We wanted to park on the top level so we could see what was happening before heading down, but had to go one level lower because, according to a laminated printout on a traffic cone, the roof had been reserved for “police parking.” It didn’t say we couldn’t go up there though, so after we parked, we walked up to have a look. Outside the garage entrance, there was a big, white, windowless bus with no markings except the letters D.O.C. stenciled on the roof, and a light blue school bus with tinted windows. The white one was a Department of Corrections prison transport bus. They are used to move prisoners from one facility to another and It must have been on there in case there was an incident that required them to haul off a lot of people. I think the blue one was for the riot police.

When we got to the mall, the first thing I saw was a guy on top of a building with a tripod-mounted rifle that was pointed at the area in front of City Hall; and a lot of cops. State and city police were milling around in neon vests. There were also several of them leaned up against the wall of the building across the street from City Hall, the one the guy with the rifle was on top of. After a minute, I realized it was because it was one of the only spots around that had shade. It’s been hot as shit here all summer, and Kevlar probably doesn’t breathe very well.

We got past the crowd outside of City Hall and I saw a guy I know from school. He looked miserable. Apparently, Nick had nearly been hit by the car that James Fields drove through the crowd of protesters, he was upset and didn’t look well. I’ve never seen this guy not be in a good mood. I enrolled in the community college here a month after getting out of prison, and he was the first person there that I talked to for more than 2 minutes. We don’t hang out outside of classes, but he’s a good guy, with a good attitude and a nice beard, and even though he is smart enough to know how enormously fucked America’s political landscape is, he devotes a lot of time to trying to change things. Nick gives good hugs, he likes Stanley Kubrick, and is almost always working on something that is due in 6 or 7 minutes. It was weird seeing him in such rough shape.

We’d thought the people grouped in front of City Hall chanting “Shame!” were protesting the city’s fuckups from the day before, or maybe they were releasing some people from jail or transferring them elsewhere (which, in hindsight, makes no sense since City Hall isn’t a jail) but Nick said that Kessler and Spencer were giving a press conference. Spencer wasn’t there, but there was no way to tell that from where we were. Aside from him not being perched very high up, and not being able to hear anything he said over the shouting, there were a lot of cell phones being held up in the air. If it hadn’t been for Nick, we wouldn’t have even known somebody was up there talking until people uploaded the videos from those phones to Facebook. When Kessler left, so did the crowd and off went Nick.

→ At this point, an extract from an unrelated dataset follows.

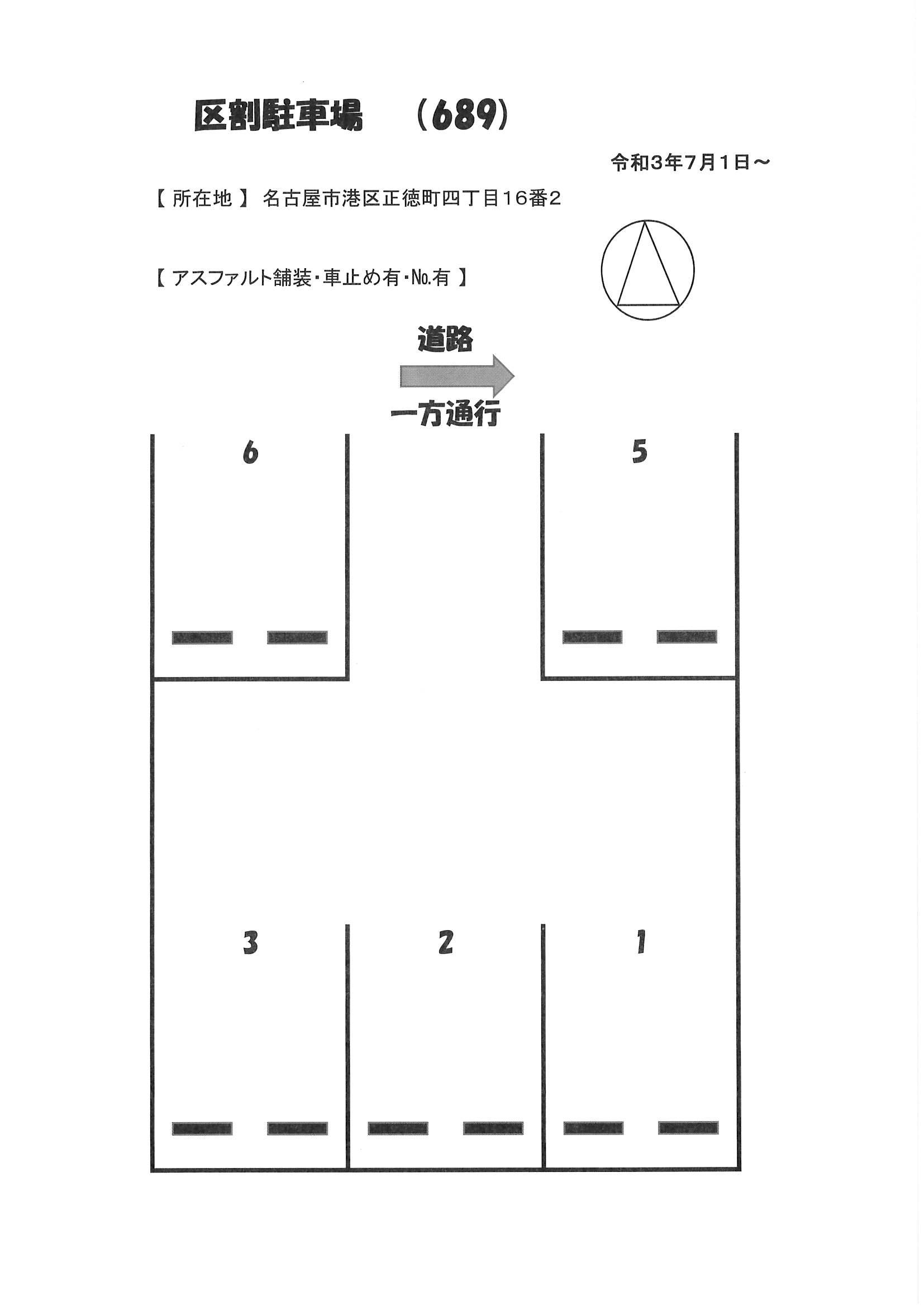 ６８９の駐車配置図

There is a large pavilion at the end of the mall that is set up for live, outdoor events. It has a large roof covering the area in front of the stage, and since it was the only large area of shade around, that is where the riot police were hanging out. Maybe 50 cops in black gear with shields and masks were milling around while a few people sat on the grass just outside of it snapping pictures. On another patch of grass there was a guy in a police vest and shorts, with a big console that controlled a drone somewhere overhead.

Further down the mall, it was less tense. Roman Holiday had been cancelled, and The Paramount was closed because of the events of the day before. Not everything was closed. The ice cream and gelato shop were still open and doing business, though they didn’t look as busy as they usually are on a weekend afternoon. Several restaurants were open, and so was the CVS, but only from one side. The back doors were locked so you couldn’t go in one side and out the other. The printout on their door said it was “for security reasons.” A little further down, a street was blocked off and was being lined with flowers in memorial of Heather Heyer.

Once, a line of cops in those neon vests came walking by, and a minute later, we heard applause. I think they were clapping because now, the day after the tragedy, there was a strong police presence ready to stop violence. Of course, by Sunday, all of the guys that showed up with guns, tiki torches, and riot shields were gone, so it wasn’t likely that there would be a need for much intervention. Although I later found out that they probably kept Kessler from getting beat up as he left City Hall. Good job guys. In the classic style of authority everywhere, they had fucked up and let people get hurt, and after widespread criticism of their failure to act, they were overcompensating with a big, aggressive display, a show of force that made nobody feel any better about what had happened the day before, but made them appear responsible. That applause was probably ironic.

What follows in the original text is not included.